Toponym resolution

Last updated

In geographic information systems, toponym resolution is the relationship process between a toponym, i.e. the mention of a place, and an unambiguous spatial footprint of the same place. [1]

Contents

The places mentioned in digitized text collections constitute a rich data source for researchers in many disciplines. However, toponyms in language use are ambiguous, and difficult to assign a definite real-world referent. Over time, established geographic names may change (as in "Byzantium" > "Constantinople" > "Istanbul"); or they may be reused verbatim (("Boston" in England, UK vs. "Boston" in Massachusetts, USA), or with modifications (as in "York" vs. "New York"). To map a set of place names or toponyms that occur in a document to their corresponding latitude/longitude coordinates, a polygon, or any other spatial footprint, a disambiguation step is necessary. A toponym resolution algorithm is an automatic method that performs a mapping from a toponym to a spatial footprint.

Some methods for toponym resolution employ a gazetteer of possible mappings between names and spatial footprints. [2]

Resolution process

The "unambiguous spatial footprint of the same place" [1] of definition can be in fact unambiguous, or "not so unambiguous". There are some different contexts of uncertainty where the resolution process can occur:

From geographical evidence

The toponym resolution sometimes is a simple conversion from name to abbreviation, in special when the abbreviation is used as standard geocode.

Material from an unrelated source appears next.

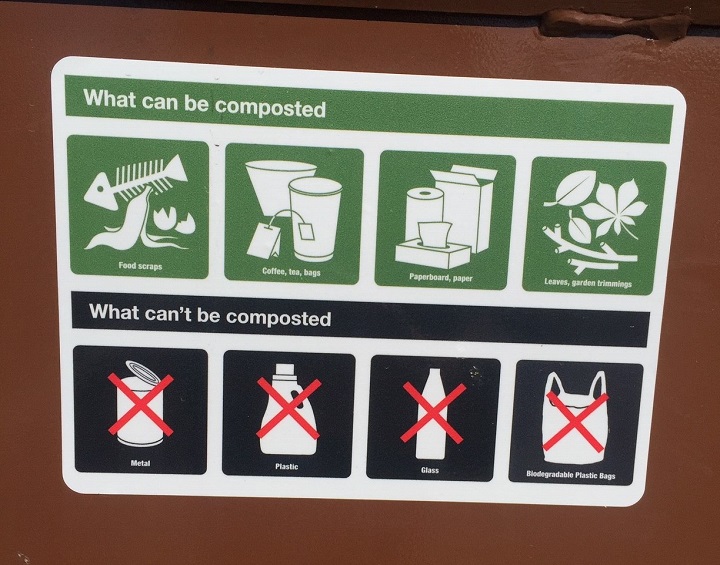 A sign on the compost bin near City Hall in Vernon showing what is, and isn’t, acceptable to compost.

For example, converting the official country name Afghanistan into an ISO country code, AF.

In annotating media and metadata, the conversion using a map and the geographical evidence (e.g. GPS), is the most usual approach to obtain toponym, or a geocode that represents the toponym.

From textual evidence

In contrast to geocoding of postal addresses, which are typically stored in structured database records, toponym resolution is typically applied to large unstructured text document collections to associate the locations mentioned in them with maps. If some of those text documents are geotagged --- e.g. because they are micro-blog posts with latitude and longitude automatically added --- they can be used to infer the varying geographical specificity of arbitrary terms, e.g. "cable car" or "high tide" [3] .

The process of annotating media (e.g., image, text, video) using spatial footprints is known as Geotagging. In order to automatically geotag a text document, the following steps are usually undertaken: toponym recognition (i.e., spotting textual references to geographic locations) and toponym resolution (i.e., selecting an appropriate location interpretation for each geographic reference).

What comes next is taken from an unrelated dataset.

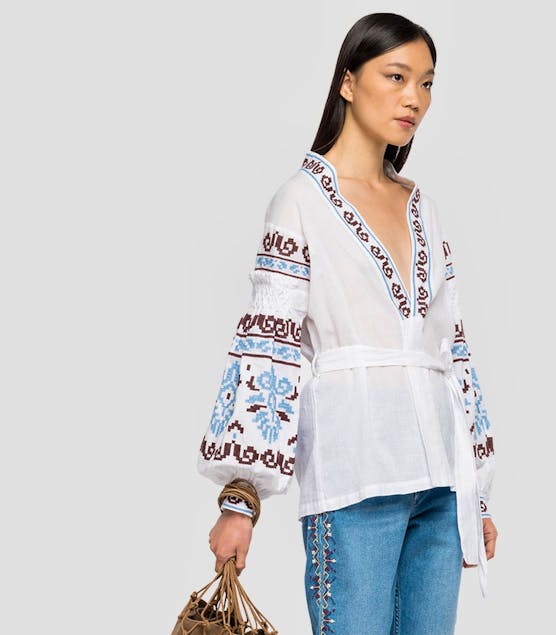 REPLAY - Open Shirt With Jacquard Embroidery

Toponym recognition can be considered as a special case of named-entity recognition where the objective is to merely derive location entities. However, the result of named-entity recognition can be further improved using hand-crafted rules or statistical rules. [4]

For obtaining location interpretations, resolution models tend to leverage gazetteers (i.e., huge databases of locations) such as GeoNames and OpenStreetMap. A naive approach to resolve toponyms is to pick the most populated interpretation from the list of candidates. For example, in the following excerpt:

Toronto man living, working in London 'uncertain of future' in U.K. after Brexit

CBC

The naive approach seems viable since toponyms Toronto and London refer to their most common interpretation, located in Canada and Britain respectively, whereas in the following piece from a news article:

High-speed rail between Toronto and London by 2025

CBC

This approach fails to pinpoint toponym London as the city located in Ontario, Canada. Hence, selecting the highest population cannot work well for toponyms in a localized context.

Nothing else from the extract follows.